Artist Statement
Pat Gericke is an oil painter exploring simplicity, color, and light through still life portraits of vegetables, flowers and food. She paints to remove herself from the chaos of city life and experience the under-appreciated visual drama found waiting at home—the color and light of scattered vegetables on a kitchen table or the textures in a slice of cake sitting in its old-fashioned bakery box. While her subject matter may appear to be simple depictions of everyday objects, she is really creating paintings about stillness and the importance of appreciating the quiet richness and depth that surrounds us.
She developed her deep awareness and sensitivity to color and light over the course of her thirty years as an interior designer. Trained in the 1980's when minimalism reigned supreme, Pat embraced the principles of creating an elegant simplicity, but opted for using the warmth and humanity of rich color, light, and texture instead. When she began painting in oils, her still life compositions immediately became a means to continue that exploration through the close observation of simple natural forms and overlooked household objects.

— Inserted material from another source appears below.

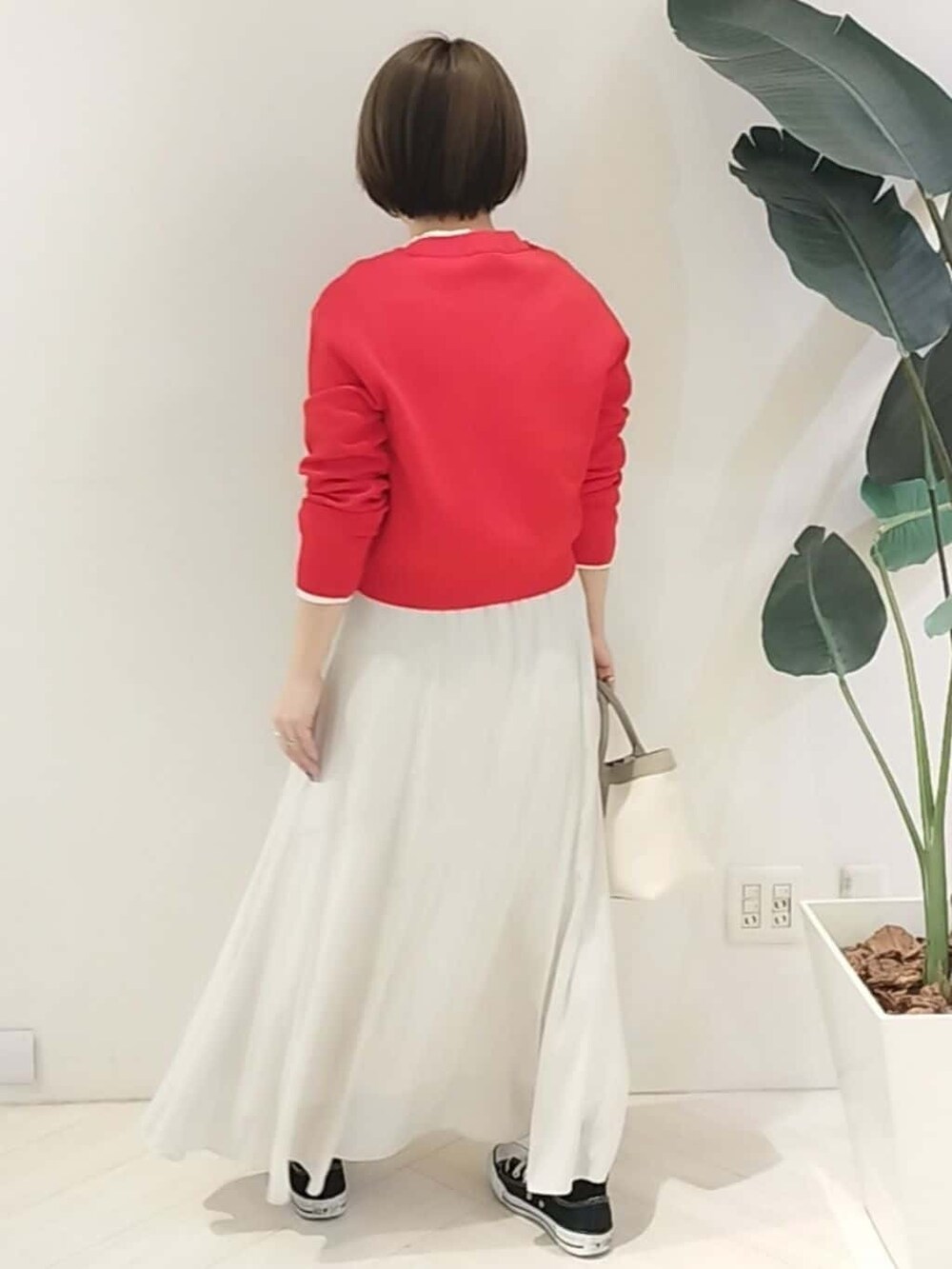 レッド系のカーディガン/ボレロ、ホワイト系のシャツ/ブラウス、ベージュ系のスカートを着用したレディースの春コーディネートの9枚目の写真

Her satisfaction as a painter comes through revealing the nuances found in these small, natural forms--the crispy translucence of a purply-red onion skin juxtaposed against the pale, cool lavenders and grays of a green cabbage, or in the way wrinkles in a plastic baggie reflect the overhead light and change the color and shape of the doughnut inside.
As Pat begins to expand her subject matter to include landscapes and portraits of people, her priorities remain the same—slowing down long enough to appreciate and capture the unique color, light and texture in an individual form or in the wide expanse of an open space.
Painting is a meditative experience for Pat and she feels that her process informs the stillness in the finished work. She always starts each painting with a drawing to determine her composition and then searches for the lights and darks. Once she identifies the shapes of the shadows, she begins to paint in the underlying colors that live in the lightest areas of the painting. From there on it's an exercise in discovery as she slows down to immerse herself in the seeing process.
In her pursuit of a more contemplative pace, Pat has also begun using a palette knife because of the textures that can be achieved as well as how the tool forces her to slow down even further as she wrestles the knife for control of the painting. Pat has experimented with acrylics and watercolor, but prefers oils because no other medium allows her to reveal the underlying color and glistening quality immanent in the subjects she's trying to capture.
Pat Gericke studied painting under Sam Adoquei at the National Academy School of Fine Art as well as the Union Square Atelier in new York City. She also attended workshops lead by James Weiss at The Lyme Academy of Fine Art, Old Lyme. Ct. Working as an interior designer has greatly influenced how she views the world as a painter. She splits her time between New York City and Aiken, South Carolina.